YOUR TASK = Retype, exactly and only, each line from the one containing "22.06.2025 - Viking" to the end of the records below.

··· RECORD SET

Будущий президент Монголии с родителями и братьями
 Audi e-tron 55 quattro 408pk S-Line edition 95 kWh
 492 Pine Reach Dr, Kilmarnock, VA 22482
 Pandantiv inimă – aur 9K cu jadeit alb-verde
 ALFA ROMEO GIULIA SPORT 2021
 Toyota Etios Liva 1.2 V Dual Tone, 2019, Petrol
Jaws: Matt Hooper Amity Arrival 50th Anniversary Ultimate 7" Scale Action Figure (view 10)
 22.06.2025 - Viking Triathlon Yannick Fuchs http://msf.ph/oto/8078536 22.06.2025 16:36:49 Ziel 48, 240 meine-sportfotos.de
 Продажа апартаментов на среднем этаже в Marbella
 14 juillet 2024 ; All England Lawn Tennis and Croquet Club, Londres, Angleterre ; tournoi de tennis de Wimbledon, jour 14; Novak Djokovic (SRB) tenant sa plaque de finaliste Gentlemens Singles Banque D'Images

······

YOUR RESPONSE =
 22.06.2025 - Viking Triathlon Yannick Fuchs http://msf.ph/oto/8078536 22.06.2025 16:36:49 Ziel 48, 240 meine-sportfotos.de
 Продажа апартаментов на среднем этаже в Marbella
 14 juillet 2024 ; All England Lawn Tennis and Croquet Club, Londres, Angleterre ; tournoi de tennis de Wimbledon, jour 14; Novak Djokovic (SRB) tenant sa plaque de finaliste Gentlemens Singles Banque D'Images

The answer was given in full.